**Task brief:** Below, find the line containing "Valentine Day Heart" and the line containing "Pepe Jeans Jeans Loose Hazel azul"; reproduce exactly those two and every line between them, omitting pictures.

**Material shown:**
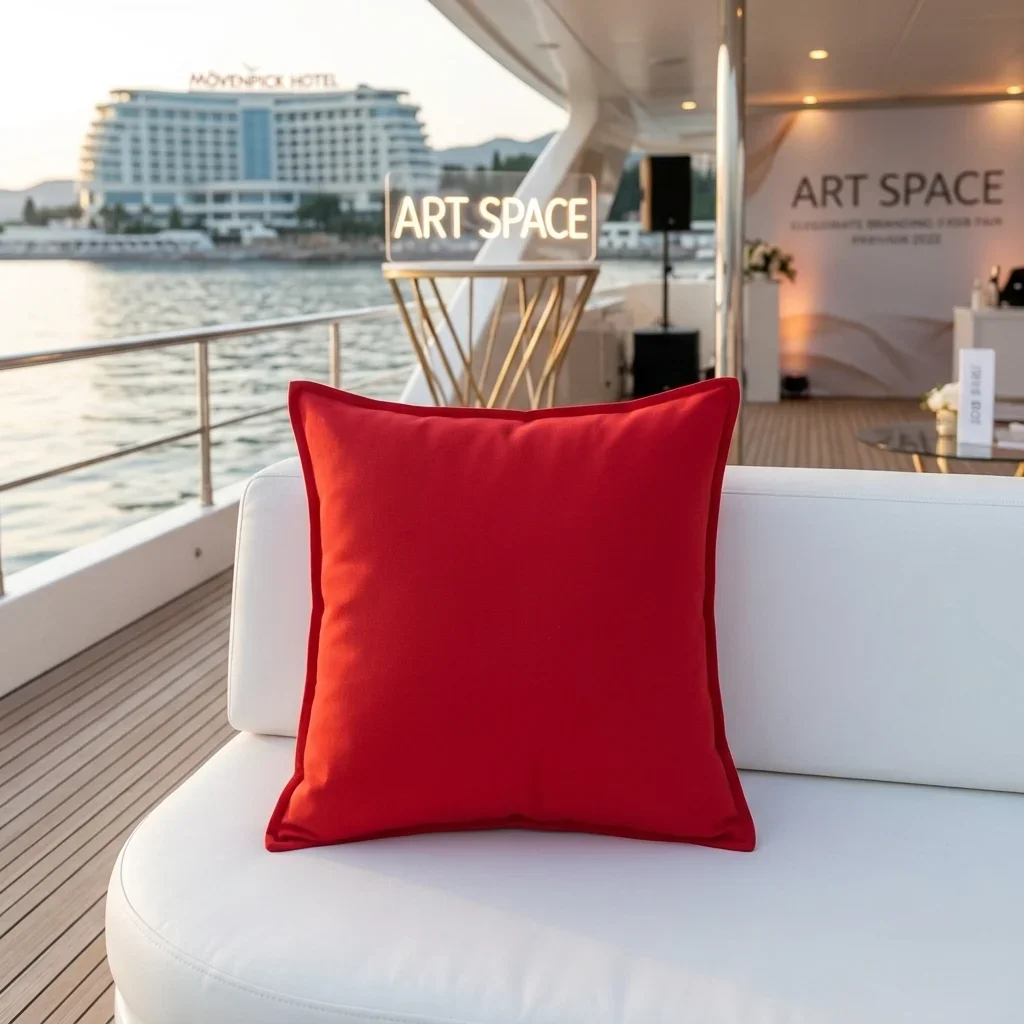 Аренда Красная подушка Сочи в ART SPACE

==

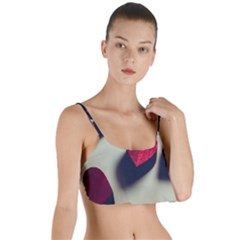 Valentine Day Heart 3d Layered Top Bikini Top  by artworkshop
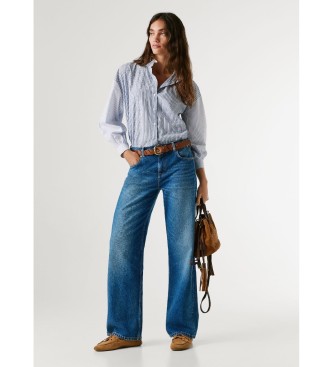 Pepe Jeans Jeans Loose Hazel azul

**Output below:**
 Valentine Day Heart 3d Layered Top Bikini Top  by artworkshop
 Pepe Jeans Jeans Loose Hazel azul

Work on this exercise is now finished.